お墓を継承する方がいないときには散骨をする選択肢も

  • 自然葬の一つとしての散骨

    • 従来の埋葬は、遺骨を墓所に納骨して行われるものですが、近年、自然葬への関心の高まりとともに、故人の遺骨を骨の形のままでなく、細かく砕いて粉末状にしたうえで散骨するという方法に注目が集まるようになりました。

      散骨する場所としては、寺院や霊園の樹木葬区画や、海洋葬として海に撒くという方法が一般的となっています。



      法律上は、遺骨を2ミリ以下のパウダー状に粉末加工してあれば、希望の場所に散骨することも可能ではありますが、モラルやマナーの面で実際には困難な面があります。
      一般的に行いやすい方法としては、やはり海洋葬と樹木葬の2種類に大別されます。

      海洋葬は、遺族が船舶や航空機などをチャーターして、粉末状にした遺骨を海上に撒くという方法です。

      遺族自らが撒く場合のほか、業者に委託するケースもあります。



      樹木葬は、墓標に見立てた樹木の根元や周辺に納骨する場合と散骨する場合がありますが、粉末状にして土に馴染ませたほうが、樹木とともに新たに生長しやすいということで選ぶ人も増えています。

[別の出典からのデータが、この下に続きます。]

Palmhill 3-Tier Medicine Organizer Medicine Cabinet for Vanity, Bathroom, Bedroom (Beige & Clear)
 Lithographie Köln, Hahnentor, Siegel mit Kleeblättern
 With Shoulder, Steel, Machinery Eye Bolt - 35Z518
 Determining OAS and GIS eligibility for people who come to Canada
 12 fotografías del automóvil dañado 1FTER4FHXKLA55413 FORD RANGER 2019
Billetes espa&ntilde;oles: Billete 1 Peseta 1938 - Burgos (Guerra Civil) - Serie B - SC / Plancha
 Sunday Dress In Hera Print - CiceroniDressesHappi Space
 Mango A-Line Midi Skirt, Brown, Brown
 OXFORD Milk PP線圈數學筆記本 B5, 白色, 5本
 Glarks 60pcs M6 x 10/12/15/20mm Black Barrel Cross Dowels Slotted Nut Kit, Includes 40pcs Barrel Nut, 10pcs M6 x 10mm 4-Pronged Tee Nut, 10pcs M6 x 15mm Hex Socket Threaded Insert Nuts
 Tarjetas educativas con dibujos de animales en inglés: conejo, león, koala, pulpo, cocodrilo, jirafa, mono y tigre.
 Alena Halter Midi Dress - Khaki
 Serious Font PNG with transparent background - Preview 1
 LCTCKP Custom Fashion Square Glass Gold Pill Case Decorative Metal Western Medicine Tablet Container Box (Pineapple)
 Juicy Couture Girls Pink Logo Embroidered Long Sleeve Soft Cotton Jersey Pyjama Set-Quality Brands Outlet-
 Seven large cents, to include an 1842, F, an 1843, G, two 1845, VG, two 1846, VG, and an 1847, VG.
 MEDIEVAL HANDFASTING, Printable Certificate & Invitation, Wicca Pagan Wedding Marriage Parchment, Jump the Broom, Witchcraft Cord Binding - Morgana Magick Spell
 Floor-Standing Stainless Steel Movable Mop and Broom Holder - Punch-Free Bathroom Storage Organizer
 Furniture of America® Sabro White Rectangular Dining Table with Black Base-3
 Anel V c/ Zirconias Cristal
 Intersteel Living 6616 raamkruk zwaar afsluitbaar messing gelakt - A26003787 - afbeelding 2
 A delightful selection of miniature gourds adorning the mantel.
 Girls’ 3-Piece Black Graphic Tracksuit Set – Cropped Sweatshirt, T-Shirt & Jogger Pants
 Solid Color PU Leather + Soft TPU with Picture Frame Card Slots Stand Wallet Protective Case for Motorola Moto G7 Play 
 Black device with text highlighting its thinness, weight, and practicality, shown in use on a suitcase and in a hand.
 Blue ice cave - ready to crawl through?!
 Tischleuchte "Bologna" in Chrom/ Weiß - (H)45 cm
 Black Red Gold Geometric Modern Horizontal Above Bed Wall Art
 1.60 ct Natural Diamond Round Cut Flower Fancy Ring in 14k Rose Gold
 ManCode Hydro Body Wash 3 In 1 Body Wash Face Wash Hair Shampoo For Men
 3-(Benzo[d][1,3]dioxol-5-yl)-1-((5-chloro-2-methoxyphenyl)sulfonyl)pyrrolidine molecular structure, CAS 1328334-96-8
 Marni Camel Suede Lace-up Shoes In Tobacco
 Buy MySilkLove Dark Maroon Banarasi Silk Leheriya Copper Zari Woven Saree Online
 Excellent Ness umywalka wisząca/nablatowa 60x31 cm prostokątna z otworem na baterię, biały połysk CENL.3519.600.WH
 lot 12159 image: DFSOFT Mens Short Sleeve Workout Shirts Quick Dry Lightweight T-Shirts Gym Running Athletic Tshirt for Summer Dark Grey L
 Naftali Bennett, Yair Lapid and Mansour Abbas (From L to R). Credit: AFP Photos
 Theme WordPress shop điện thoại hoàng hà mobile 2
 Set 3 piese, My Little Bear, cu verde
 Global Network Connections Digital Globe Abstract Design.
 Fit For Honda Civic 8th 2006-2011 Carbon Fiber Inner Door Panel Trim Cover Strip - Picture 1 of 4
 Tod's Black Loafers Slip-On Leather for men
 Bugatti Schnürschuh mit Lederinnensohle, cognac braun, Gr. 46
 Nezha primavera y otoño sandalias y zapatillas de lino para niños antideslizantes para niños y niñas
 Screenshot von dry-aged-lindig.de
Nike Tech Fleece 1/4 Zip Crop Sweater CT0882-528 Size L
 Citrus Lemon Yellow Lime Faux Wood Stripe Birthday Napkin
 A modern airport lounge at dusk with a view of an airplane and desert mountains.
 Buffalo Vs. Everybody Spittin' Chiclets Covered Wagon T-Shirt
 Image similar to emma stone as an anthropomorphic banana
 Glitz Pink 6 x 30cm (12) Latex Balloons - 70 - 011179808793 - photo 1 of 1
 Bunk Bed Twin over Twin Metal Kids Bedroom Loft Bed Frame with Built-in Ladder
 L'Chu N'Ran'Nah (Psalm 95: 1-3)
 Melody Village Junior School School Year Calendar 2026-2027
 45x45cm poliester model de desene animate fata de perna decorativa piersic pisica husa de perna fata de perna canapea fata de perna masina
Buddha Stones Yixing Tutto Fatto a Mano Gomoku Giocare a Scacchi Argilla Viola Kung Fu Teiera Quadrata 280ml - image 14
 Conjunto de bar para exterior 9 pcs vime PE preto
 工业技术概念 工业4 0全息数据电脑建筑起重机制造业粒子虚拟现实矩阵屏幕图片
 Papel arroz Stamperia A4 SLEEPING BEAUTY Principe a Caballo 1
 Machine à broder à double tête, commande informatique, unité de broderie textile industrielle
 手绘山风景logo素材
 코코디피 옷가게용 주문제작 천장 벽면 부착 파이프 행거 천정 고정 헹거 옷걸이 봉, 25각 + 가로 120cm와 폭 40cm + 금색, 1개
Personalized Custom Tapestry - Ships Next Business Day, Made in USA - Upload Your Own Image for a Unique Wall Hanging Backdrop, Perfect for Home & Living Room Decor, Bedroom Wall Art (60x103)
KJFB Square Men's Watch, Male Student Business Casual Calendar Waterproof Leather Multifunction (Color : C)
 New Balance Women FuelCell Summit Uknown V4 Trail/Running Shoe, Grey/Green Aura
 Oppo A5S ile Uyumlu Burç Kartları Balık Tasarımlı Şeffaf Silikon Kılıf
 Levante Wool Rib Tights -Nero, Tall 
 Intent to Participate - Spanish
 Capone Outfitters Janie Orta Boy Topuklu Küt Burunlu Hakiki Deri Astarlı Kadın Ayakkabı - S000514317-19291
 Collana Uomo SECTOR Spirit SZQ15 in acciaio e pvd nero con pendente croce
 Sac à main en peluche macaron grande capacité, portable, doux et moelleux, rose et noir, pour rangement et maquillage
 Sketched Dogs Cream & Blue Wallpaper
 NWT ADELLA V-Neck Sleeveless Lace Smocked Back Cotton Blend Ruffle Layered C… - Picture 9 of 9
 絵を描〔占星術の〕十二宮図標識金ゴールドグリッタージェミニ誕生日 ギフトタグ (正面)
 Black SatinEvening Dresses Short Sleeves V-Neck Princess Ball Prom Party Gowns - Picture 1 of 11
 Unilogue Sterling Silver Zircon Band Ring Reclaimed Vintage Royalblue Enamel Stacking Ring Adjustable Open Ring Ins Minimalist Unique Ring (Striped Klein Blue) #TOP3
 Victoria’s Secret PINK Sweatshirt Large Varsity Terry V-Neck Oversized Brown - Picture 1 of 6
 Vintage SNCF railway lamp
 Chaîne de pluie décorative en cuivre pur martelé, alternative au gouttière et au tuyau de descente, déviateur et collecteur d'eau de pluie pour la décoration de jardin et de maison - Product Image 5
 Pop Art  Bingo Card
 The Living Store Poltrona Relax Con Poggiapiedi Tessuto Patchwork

      海洋葬にしても樹木葬にしても、墓石を建てる墓所を新たに設けるより、費用の面でかなり抑えられるという点が、やはり選ばれやすいポイントになっています。

      先祖代々の墓所を持つ人も墓じまいをしたのち、取り出した遺骨をパウダー状にして、樹木葬区画等に散骨するケースも増えています。埋葬の形式が多様化する中にあって、費用面の負担が少ないという魅力は大きいだけに、今後さらに、選ぶ人が増えていくと考えられます。